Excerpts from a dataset
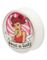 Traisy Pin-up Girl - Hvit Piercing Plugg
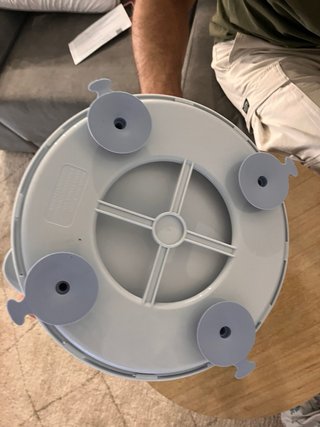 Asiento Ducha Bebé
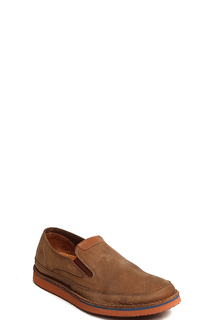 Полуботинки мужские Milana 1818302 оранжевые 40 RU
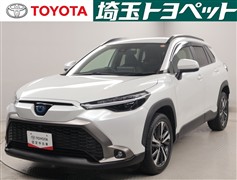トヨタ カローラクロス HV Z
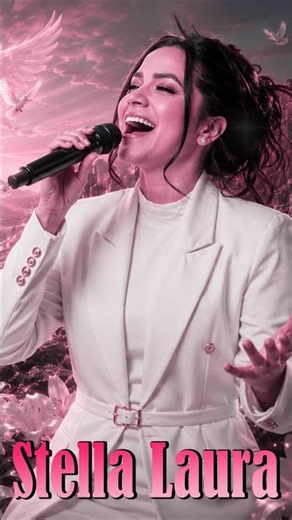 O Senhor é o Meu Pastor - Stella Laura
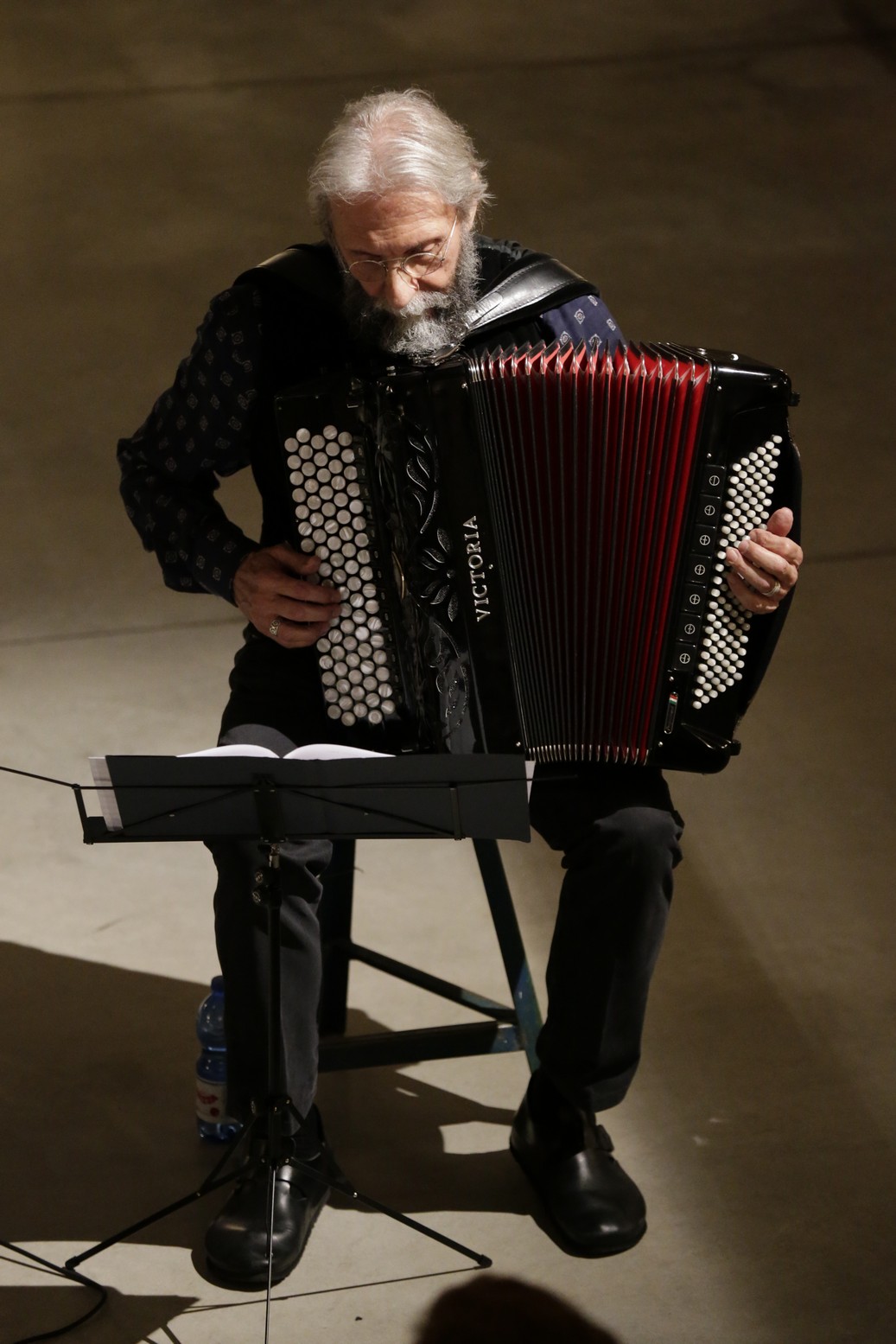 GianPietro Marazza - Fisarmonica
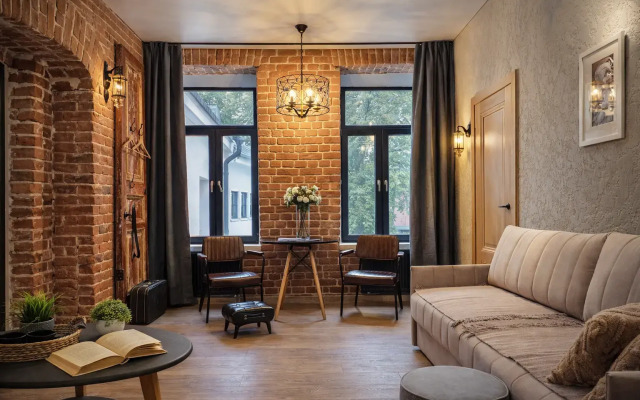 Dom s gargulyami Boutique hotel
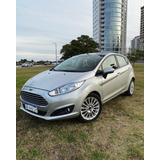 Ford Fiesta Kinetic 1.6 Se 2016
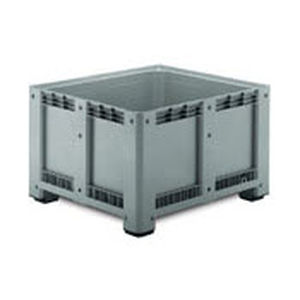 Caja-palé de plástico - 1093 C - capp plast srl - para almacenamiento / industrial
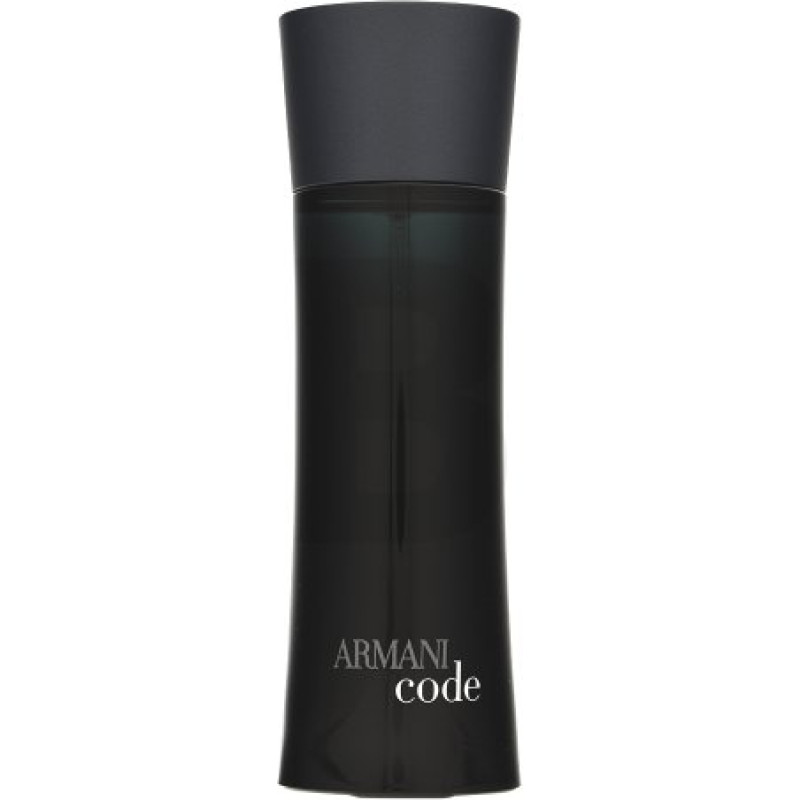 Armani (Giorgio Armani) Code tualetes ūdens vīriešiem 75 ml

= Exercise instructions =
Copy exactly the lines from the line containing "トヨタ カローラクロス HV Z" through the last line of the records above, both included, and leave out any pictures.

= Task solution =
トヨタ カローラクロス HV Z
 O Senhor é o Meu Pastor - Stella Laura
 GianPietro Marazza - Fisarmonica
 Dom s gargulyami Boutique hotel
 Ford Fiesta Kinetic 1.6 Se 2016
 Caja-palé de plástico - 1093 C - capp plast srl - para almacenamiento / industrial
 Armani (Giorgio Armani) Code tualetes ūdens vīriešiem 75 ml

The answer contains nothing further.